The red tide that has been off coast of Jeffreys Bay over the past two weeks is now causing dead fish to wash up on the beaches.
Red tide can be deadly to marine life like fish, birds and even manatees. And they can have a serious impact on human health, too.
A red tide occurs when the population of certain kinds of algae known as dinoflagellates explodes, creating what’s called an “algal bloom.” Scientists sometimes refer to red tides as harmful algal blooms or HABs.
When millions of these microscopic algae reproduce and cluster in one area of the ocean, they can change the colour of the water.
A rusty shade of red is often seen, though the colour may range from pink or orange to brown or yellow.
A number of factors can cause an algal bloom to grow. Low salinity, a high nutrient content in the water and warmer than usual surface water temperatures are usually cited as contributing to a red tide’s formation.
The water temperature off Jeffreys Bay has been very warm in the past few weeks with temperatures of 27 C being recorded in the canals at Marina Martinique, where sea water is pumped in on a continual basis.
The algae linked to red tides contain a toxin that affects the nervous and digestive systems of animals.

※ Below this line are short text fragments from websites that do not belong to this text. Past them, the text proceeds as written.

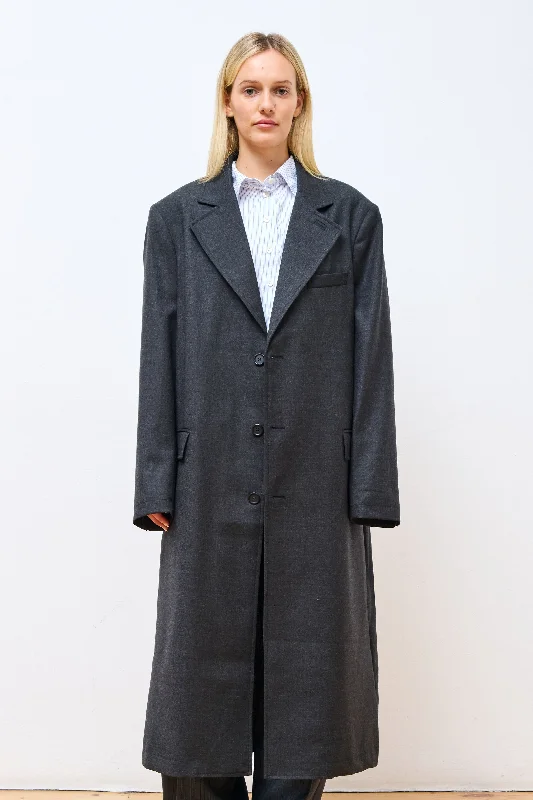 Evening Coat Dark Grey Sleek Leather Jacket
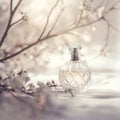 Dreamy Perfume Bottle with Soft Focus. Gentle Glow. Floral Touch. Ai generated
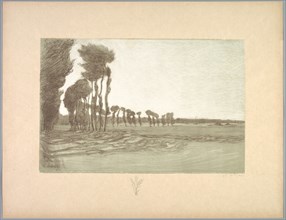 Suite de Paysages: Landscape, Plate 5, Remarque, Three Stalks of Wheat, 1892-1893. Creator: Charles Marie Dulac (French, 1865-1898); Printer: Belfond, Imprimeur Belfond (per colophon).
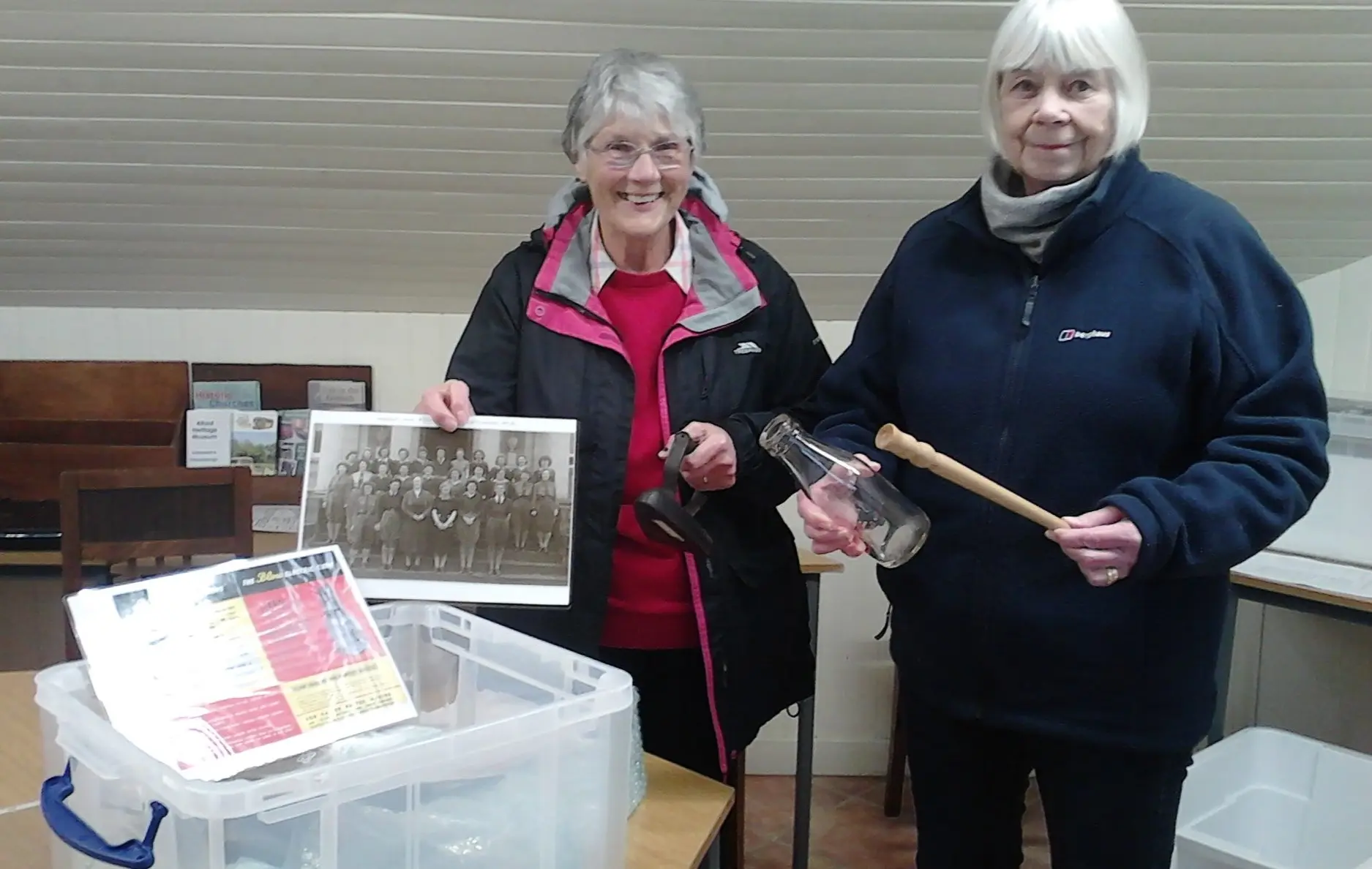 Historical artifacts in memory box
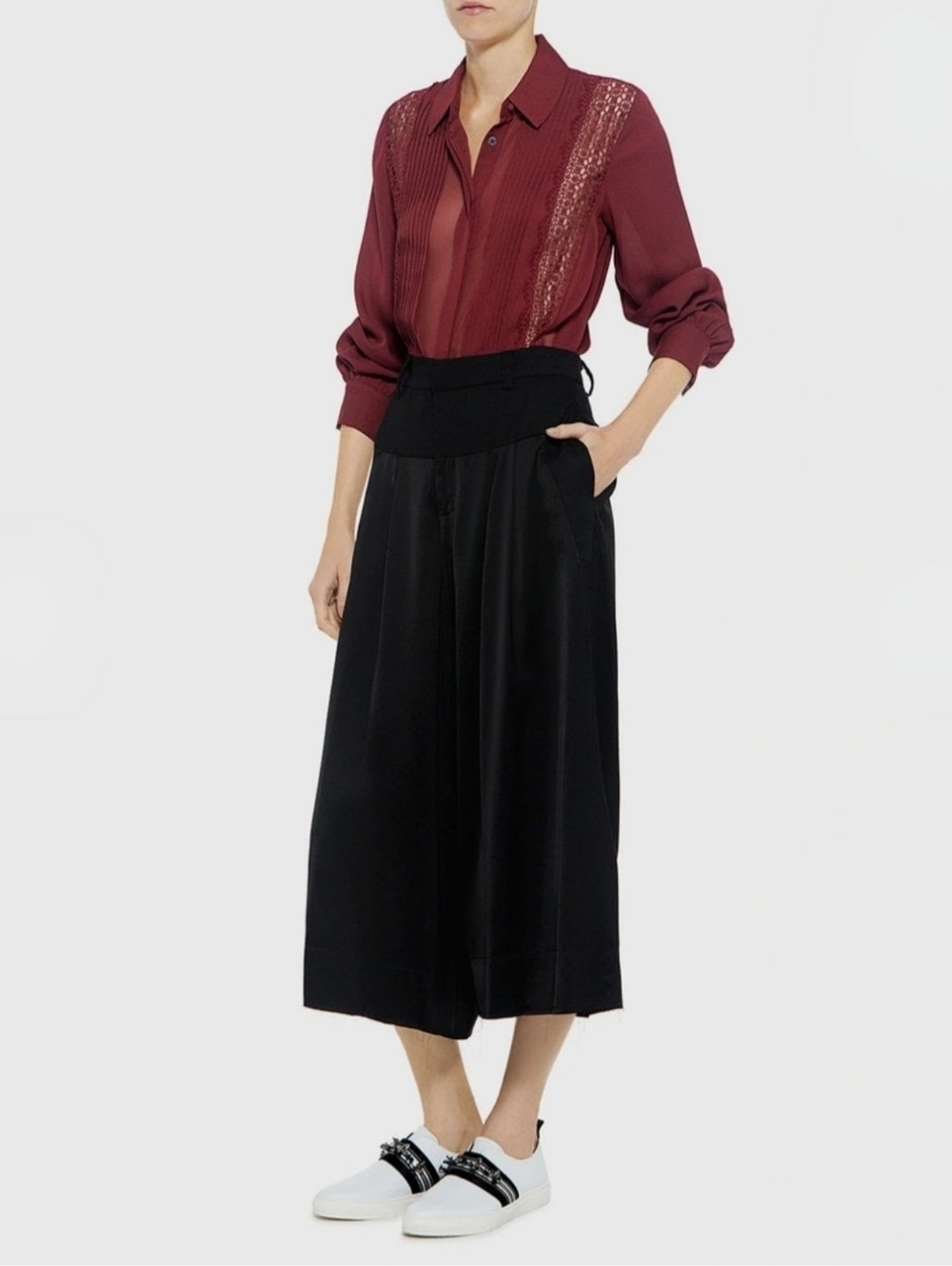 Sea New York Black Satine Wool Wide Leg Raw Edge Cropped Pants, NWT, Size 2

Red tides are usually accompanied by a massive die-off of fish, as well as the birds and other animals that feed on fish.
Even larger animals that feed on fish, shellfish and other marine life can be killed if they consume enough of the toxin.
A red tide in Florida, America has been blamed for a significant die-off of manatees, while another red tide in 2012 may have caused a large number of squid deaths in California.
Humans are also vulnerable to the toxic effects of a red tide. Wave action can release the algae’s toxins into the air, causing respiratory problems among people near the shoreline, particularly those with asthma, emphysema or other respiratory illnesses.
Because the toxins can accumulate in shellfish, red tides often cause outbreaks of parasitic shellfish poisoning (PSP) and amnesic shellfish poisoning (ASP).
Both illnesses affect the nervous systems; ASP can cause dizziness and disorientation, and in extreme cases, PSP can cause respiratory paralysis, resulting in death by asphyxiation.
It is therefore strongly advised not to eat mussels or oysters from the JBay waters right now.